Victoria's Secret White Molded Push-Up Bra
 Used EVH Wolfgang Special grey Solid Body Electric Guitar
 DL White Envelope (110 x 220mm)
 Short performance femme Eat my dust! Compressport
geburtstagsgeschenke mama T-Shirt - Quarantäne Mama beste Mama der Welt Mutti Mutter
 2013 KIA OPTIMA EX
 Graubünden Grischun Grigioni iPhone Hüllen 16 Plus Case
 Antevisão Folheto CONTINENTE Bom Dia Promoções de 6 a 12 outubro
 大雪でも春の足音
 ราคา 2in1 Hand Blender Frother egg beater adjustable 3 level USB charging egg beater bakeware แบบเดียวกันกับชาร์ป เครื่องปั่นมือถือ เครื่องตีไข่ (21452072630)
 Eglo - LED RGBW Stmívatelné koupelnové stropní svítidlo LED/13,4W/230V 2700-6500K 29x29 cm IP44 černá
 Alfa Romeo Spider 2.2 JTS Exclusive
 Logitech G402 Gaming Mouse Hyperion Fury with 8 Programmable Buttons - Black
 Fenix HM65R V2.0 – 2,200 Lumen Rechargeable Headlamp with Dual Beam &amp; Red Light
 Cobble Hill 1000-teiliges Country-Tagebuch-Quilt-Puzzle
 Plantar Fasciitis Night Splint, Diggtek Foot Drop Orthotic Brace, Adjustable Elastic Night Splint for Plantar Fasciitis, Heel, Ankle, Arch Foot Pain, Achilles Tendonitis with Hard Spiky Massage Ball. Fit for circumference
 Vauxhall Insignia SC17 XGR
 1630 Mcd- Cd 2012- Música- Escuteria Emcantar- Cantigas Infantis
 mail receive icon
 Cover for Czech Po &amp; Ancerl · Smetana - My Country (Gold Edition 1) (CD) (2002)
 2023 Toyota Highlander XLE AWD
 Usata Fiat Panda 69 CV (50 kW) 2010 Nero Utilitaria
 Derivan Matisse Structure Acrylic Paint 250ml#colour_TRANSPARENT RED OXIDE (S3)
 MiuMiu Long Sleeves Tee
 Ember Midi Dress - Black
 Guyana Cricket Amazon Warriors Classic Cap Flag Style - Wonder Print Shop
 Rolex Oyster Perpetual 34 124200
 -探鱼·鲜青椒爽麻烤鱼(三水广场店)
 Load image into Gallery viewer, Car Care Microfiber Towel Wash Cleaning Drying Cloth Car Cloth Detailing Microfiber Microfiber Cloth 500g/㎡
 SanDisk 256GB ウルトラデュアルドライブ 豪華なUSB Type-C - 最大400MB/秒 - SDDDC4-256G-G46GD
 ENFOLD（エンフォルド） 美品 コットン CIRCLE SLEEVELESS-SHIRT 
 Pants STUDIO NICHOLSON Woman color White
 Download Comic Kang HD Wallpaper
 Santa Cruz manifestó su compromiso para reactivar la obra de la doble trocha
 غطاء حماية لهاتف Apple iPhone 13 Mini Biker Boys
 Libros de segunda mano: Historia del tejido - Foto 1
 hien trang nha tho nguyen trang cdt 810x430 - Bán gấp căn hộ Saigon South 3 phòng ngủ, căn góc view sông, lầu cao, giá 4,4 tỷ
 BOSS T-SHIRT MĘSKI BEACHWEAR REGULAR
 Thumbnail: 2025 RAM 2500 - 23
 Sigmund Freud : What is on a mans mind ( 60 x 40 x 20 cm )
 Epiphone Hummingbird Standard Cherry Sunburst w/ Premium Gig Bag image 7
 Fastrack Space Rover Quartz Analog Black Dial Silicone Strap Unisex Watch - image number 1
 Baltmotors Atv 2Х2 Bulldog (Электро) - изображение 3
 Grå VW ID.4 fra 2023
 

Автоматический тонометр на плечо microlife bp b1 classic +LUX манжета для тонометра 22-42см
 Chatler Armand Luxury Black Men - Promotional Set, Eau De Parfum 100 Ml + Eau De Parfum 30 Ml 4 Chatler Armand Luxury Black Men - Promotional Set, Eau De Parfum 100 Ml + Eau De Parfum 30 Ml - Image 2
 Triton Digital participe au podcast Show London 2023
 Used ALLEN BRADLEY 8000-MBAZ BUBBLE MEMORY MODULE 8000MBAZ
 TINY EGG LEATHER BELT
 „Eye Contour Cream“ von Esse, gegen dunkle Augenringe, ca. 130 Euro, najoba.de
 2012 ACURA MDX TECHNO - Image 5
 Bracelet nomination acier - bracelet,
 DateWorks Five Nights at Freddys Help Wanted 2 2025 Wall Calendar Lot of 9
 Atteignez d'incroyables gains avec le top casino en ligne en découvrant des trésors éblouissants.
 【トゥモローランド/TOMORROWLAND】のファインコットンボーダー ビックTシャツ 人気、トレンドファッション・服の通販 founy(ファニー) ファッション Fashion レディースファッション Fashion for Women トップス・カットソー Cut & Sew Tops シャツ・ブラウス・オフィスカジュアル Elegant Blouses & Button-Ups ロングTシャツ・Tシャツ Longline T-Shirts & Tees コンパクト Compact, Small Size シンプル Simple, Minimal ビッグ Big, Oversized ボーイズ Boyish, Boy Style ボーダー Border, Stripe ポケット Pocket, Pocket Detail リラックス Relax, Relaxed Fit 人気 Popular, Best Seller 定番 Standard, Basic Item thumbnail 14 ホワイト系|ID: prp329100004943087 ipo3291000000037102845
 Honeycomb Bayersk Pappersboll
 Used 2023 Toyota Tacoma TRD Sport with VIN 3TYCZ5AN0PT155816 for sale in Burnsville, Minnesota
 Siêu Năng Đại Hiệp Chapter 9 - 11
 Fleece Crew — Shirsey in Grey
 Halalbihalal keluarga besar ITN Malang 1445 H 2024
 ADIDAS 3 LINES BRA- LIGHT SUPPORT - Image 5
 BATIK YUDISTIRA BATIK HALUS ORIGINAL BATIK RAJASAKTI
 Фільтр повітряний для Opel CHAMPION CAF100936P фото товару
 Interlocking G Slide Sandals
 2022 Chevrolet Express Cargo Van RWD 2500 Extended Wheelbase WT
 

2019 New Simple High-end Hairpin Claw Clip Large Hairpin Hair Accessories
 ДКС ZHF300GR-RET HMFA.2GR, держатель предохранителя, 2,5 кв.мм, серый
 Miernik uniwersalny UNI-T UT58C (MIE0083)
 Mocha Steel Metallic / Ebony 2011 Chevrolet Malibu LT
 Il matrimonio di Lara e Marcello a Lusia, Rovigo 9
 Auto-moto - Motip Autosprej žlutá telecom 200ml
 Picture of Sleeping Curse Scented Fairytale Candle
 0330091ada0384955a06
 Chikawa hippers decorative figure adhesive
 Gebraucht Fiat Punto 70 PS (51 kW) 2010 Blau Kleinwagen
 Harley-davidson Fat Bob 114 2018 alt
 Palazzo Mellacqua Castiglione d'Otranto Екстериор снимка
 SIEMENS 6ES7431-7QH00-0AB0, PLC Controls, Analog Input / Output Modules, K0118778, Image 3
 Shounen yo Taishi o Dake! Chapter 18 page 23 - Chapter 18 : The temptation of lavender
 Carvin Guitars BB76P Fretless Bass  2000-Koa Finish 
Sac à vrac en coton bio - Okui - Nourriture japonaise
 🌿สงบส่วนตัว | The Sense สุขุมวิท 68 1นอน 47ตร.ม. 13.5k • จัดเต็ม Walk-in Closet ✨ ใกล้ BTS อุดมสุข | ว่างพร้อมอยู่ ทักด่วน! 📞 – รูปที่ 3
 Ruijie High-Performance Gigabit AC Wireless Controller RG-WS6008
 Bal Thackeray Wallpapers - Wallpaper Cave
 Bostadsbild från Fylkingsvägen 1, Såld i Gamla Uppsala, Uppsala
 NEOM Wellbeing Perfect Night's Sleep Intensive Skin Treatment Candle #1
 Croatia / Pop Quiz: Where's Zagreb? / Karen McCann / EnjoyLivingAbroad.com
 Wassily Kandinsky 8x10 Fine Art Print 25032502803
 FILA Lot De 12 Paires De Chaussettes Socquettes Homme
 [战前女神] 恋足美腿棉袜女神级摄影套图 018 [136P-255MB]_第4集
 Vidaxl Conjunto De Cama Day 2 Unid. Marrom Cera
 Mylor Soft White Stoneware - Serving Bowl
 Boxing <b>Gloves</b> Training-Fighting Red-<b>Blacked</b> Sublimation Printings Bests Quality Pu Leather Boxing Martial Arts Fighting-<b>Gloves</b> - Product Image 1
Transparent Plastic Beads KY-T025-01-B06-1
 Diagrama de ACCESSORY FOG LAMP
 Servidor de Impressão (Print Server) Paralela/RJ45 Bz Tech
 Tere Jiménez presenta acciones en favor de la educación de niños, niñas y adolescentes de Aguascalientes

####################

## [Task brief]
Find each line in the listing above that contains "Candle", and copy that line.

## [Answer for this exercise]
 Picture of Sleeping Curse Scented Fairytale Candle
 NEOM Wellbeing Perfect Night's Sleep Intensive Skin Treatment Candle #1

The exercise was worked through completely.